Começamos pelo Parlamento Hungaro (foto 10), que estava fechado para obras. Nas imediações encontramos um café e aproveitamos para tomar nosso café da manhã.

Voltamos na Basílica de São Estevão (foto 11) e dessa vez conseguimos subir (fomos de escada, lembra que falei no 1o dia 364 degraus🧐). Apreciamos a vista e descemos de elevador. Particularmente não acho que vale a pena os 500 HUF.

Seguimos para o Calçadão da rua Váci. Entramos em algumas lojas e visitamos algumas barraquinhas numa feirinha numa das esquinas (onde realmente compramos algo).

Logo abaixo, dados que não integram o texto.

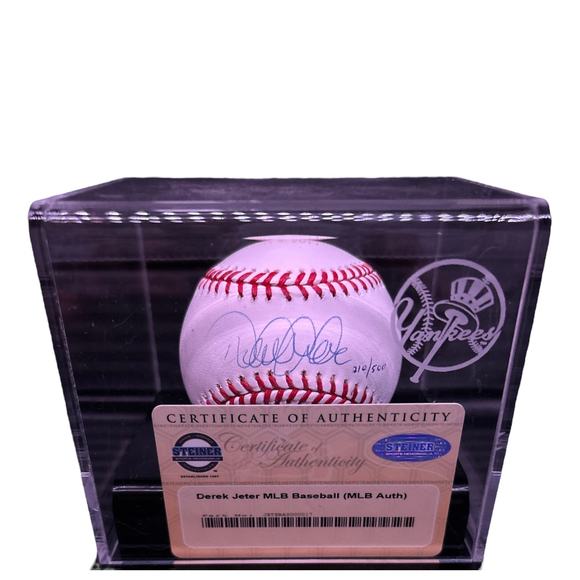 Authentic NY Yankee Derek Jeter autographed baseball in case w/ card - Picture 1 of 3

Encontramos um Starbucks (foto 12) e como amo café é parada obrigatória. Mesmo estando com chip internacional que compramos em Viena e que também nos atendeu muito bem por aqui, usufruímos do wiffi grátis😊

Fomos para as margens do Danúbio (foto 13), em Pest. A idéia era fazer passeio de barco, mas só tinha saida para as 18:30h e este horário não nos atendia, pois ainda queríamos conhecer o bairro judeu.

Passeamos pelo bairro judeu, onde esta localizada a Grande Sinagoga.

Uma das coisas que gosto de visitar em minhas viagens são: Museus e Igrejas. Esta Sinagoga é belissima, merece sua atenção.

Com uma arquitetura singular, o bairro contém ruas e vielas estreitas. A fachada dos prédios chamam a atenção pelos detalhes da decoração.

Bem pertinho fica o Mercado Central, mas ficou para uma próxima visita, pois tinhamos que arrumar as malas para seguir viagem na manhã seguinte.

Conclusão: 2 dias em Budapeste foi pouco.


2 thoughts on “Leste Europeu – Hungria, Budapeste

  1. É complicado definir o número de dias numa cidade. Parece que, quanto mais a gente fica, mais descobre que precisa de mais dias para apreciar toda a beleza, conhecer os costumes, ver os museus, experimentar a culinária e aproveitar tudo o que a cidade tem a oferecer de bom.
    Parabéns pelo blog e obrigada por dividir tudo com a gente!